En tant que binôme, Peter Gnass et Béatrice Boily mettent en abîme une relation à la pratique artistique qui s’intéresse à la progression et au processus. Leur art nous invite à réfléchir la matière manipulée qui garde en elle son propre récit comme matériau, et qui porte aussi la présence du corps qui l’a mis en action. Ce couple d’artistes intergénérationnel·les désigne une lignée dans l’histoire de l’art contemporain québécois qui établit la continuité de l’engagement artistique envers la progression.

BIOGRAPHIE PETER GNASS

(il)

Né en 1936 en Allemagne, Peter Gnass vit et travaille dans le comté de Nicolet-Yamaska. Le parcours pluridisciplinaire de Gnass, figure de proue de l’art contemporain au Québec, s’échelonne sur un peu plus d’une cinquantaine d’années. Dès 1965, en tout début de carrière, le Musée des beaux-arts de Montréal lui consacrait une importante exposition individuelle. 
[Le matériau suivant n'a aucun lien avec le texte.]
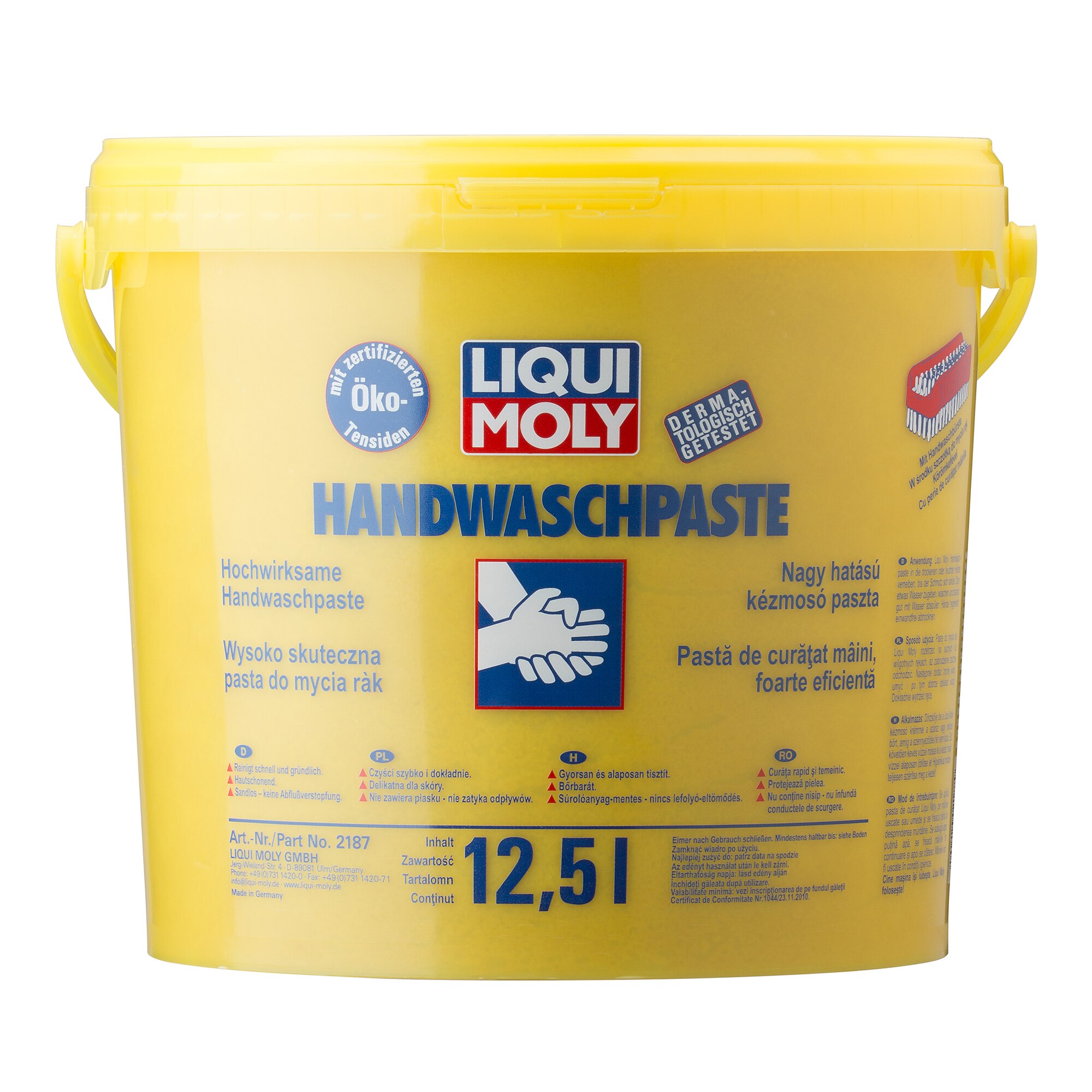 Pasta de curatat maini dedeman – Cumpărați online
Artiste engagé, excellent orateur et pédagogue, il a été président de l’Association des sculpteurs du Québec de même que professeur agrégé au Département des arts visuels de l’Université d’Ottawa de 1975 à 1996. 

Membre de l'Académie royale des arts du Canada, il est aussi le lauréat de nombreux prix artistiques. Peter Gnass compte à son actif une multitude d’expositions individuelles et collectives présentées dans plusieurs villes du Québec, du Canada de même que partout dans le monde.
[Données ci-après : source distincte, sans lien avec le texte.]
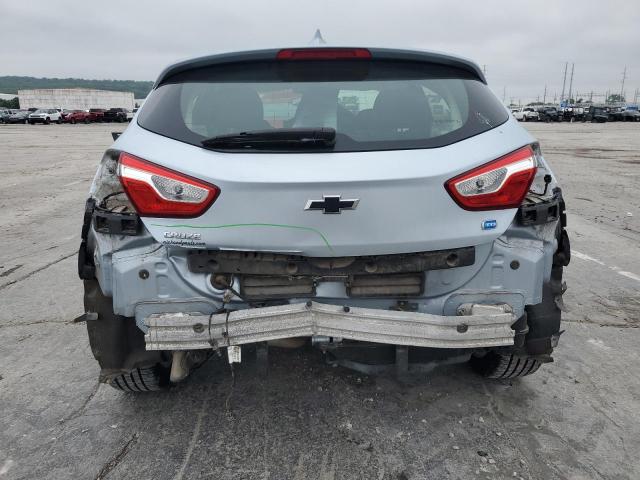 2018 CHEVROLET CRUZE LT 3G1BH6SE3JS572258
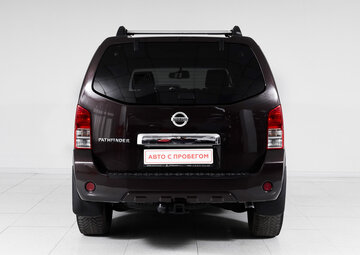 Nissan Pathfinder Вид 5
Intervenant depuis longtemps dans la sphère publique, il a créé plusieurs œuvres urbaines. On lui doit, entre autres, l’une des plus impressionnantes stations de métro à Montréal, c’est-à-dire la station Lasalle dont il a magnifié le sens, la lumière. Gnass sonde les potentialités de représentation de l’espace par le biais de structures linéaires, de notions de lumière, de transparence et de volume. Ses œuvres proposent des analogies formelles et symboliques dans lesquelles les traces et les fragments du temps et de la nature forment des chaînes associatives entre l’objet et l’idée. 

petergnass.com @p.gnass

Photo : Nina Médioni

BIOGRAPHIE BÉATRICE BOILY

(elle)

Béatrice Boily est une artiste née à Montréal, Canada. Elle a obtenu une maîtrise en Arts visuels et médiatiques à l’Université du Québec à Montréal avec mention d’excellence en 2020. Boily compte déjà à son actif une dizaine d’expositions collectives et solo, dont une en Italie pour la Biennale Giovani Monza en 2017.

À travers une approche résolument processuelle, la pratique de Béatrice engage à l’exploration du potentiel évocateur de la matière. Elle s’intéresse aux espaces de tension entre la concrétude sculpturale — l’expérience de son poids, de son échelle, de son odeur et de sa plasticité — et le caractère impermanent de ses manipulations.

Sa pratique n’est pas strictement orientée vers la réalisation d'objet : elle se réalise à même la manipulation de la matière. Son travail erre au sein des limites de la discipline sculpturale : réaliser une tresse de vingt mètres à même un champ d’herbes, dessiner le bitume avec des blocs de béton, soulever quarante livres d’argile accrochées à ses cheveux. La matière n’est pas seulement manipulée, mais bien éprouvée par son corps agissant.

Ces corps-à-corps s’inscrivent à travers des enregistrements photographiques et vidéographiques. Les images ainsi obtenues se présentent à la fois comme la documentation d’un processus et comme des photographies résolues dont la composition est aboutie.